PostgreSQL has always tried to be the real enterprise database
with a focus on features and tools, not speed. They’ve been improving
performance, but don’t seem to have as much momentum as MySQL. Lots of
places offer commercial support (even in Japanese). They support triggers,
referential integrity, outer joins, replication.

He scores the three databases he’s discussed. It’s almost a tie between
PostgreSQL and MySQL. MySQL wins in Support and Performance. PostgreSQL
wins in Transactions, Maintenance, and Availability. Firebird is just okay
compared to these two.

What about commercial databases? Look at Oracle. You can do anything
with it while it’s running.
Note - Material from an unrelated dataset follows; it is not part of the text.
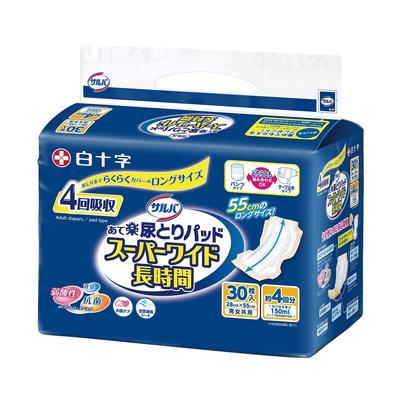 Προϊόντα γυναικείας υγιεινής – Σερβιέτες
There are lots and experienced and certified
Oracle DBAs and consultants, and lots of commercial support. It’s got great
performance, superior tools, integrates with everything, and has the best
track record available.

The EJB Container. We’re not saying “app server”. It’s all about
JBoss in the enterprise, but we’ll look at others, too.
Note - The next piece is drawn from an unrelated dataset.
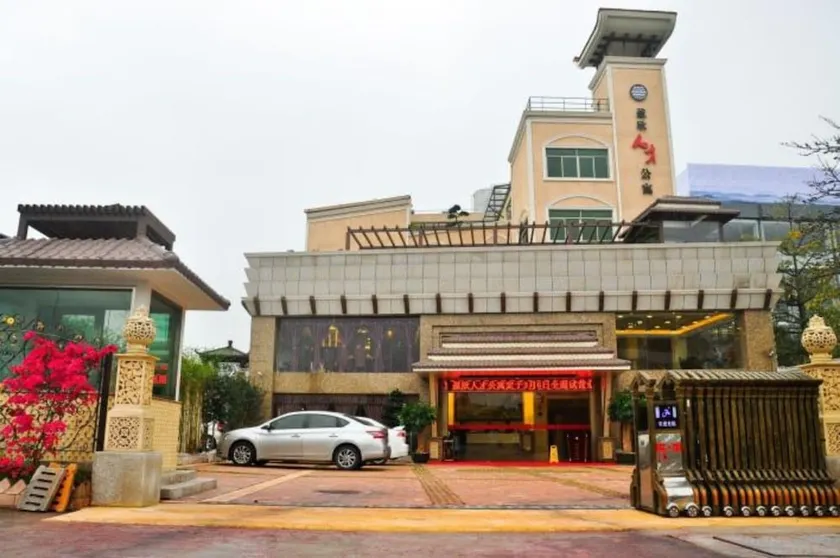 Guangzhou Yingxin Apartment - Image 1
The only serious player is JBoss when in contention with commercial
products. Enhydra used to be good, but it’s no longer competitive due to
actions by sponsor Lutris. OpenEJB can be a good test harness (and can be
added to Apache Tomcat), and JOnAS has lots of features but no track record.
Both OpenEJB and JOnAS can be good choices in some cases, but JBoss usually
wins.

JBoss is the only app server that is making BEA, IBM, and Sun a bit
nervous. It leads in spec. compliance, tools, management, support,
enthusiasm, and there are books, seminars and a conference. It’s
contributors “are some of the brightest people in J2EE”. It has a real
track record in big companies for small and medium-sized things. JBoss is
solid across the J2EE, not just EJB (JMS, transactions, CORA, RMI). They
are serious about testing and QA. They may not be J2EE certified for
political and economic reasons, but they’re as good as anyone there. They
are looking at management, clustering, and ease of development as selling
points.

The scoring of EJB Containers is no contest. JBoss wipes the others out.
The only reason it didn’t get top scores in every category was that it was
being compared to commercial offerings (and it still got the top score in
most areas). Of the others JOnAS slightly edged out OpenEJB, but they really aren’t
close, because their strengths are in different areas.

How about Websphere? How does it compare to JBoss? It has lots more
connectivity to legacy platforms, works with IBM tools people are familiar
with, and leverages IBM’s customer base. It seems that if those aren’t key
areas, Websphere doesn’t beat JBoss by much at all.

Web Container. This is the HTTP stack. Choices are Apache,
Tomcat, and Jetty. Tomcat started as an augmentation of JServ, but
soon they added web serving directly to Tomcat. The web server became good,
but you’re still better using Apache for serving static pages. Clustering
is appearing.

Jetty works for JBoss.

Apache is the biggest name in web servers, running more than 60% of the
world’s web servers. Very well supported in every way. Apache needs to be
compared not to Jetty, but to commercial web servers (not IIS; ones that
people spend money on). For example, why does eBay use Zeus web server (at
$1700/CPU)? It’s faster and more scapable than Apache, and can still use
Tomcat for servlets and JSP. It’s got great management and maintenance
tools, and top quality commercial support.

We’re way over time, so there’s no time to discuss odds and ends.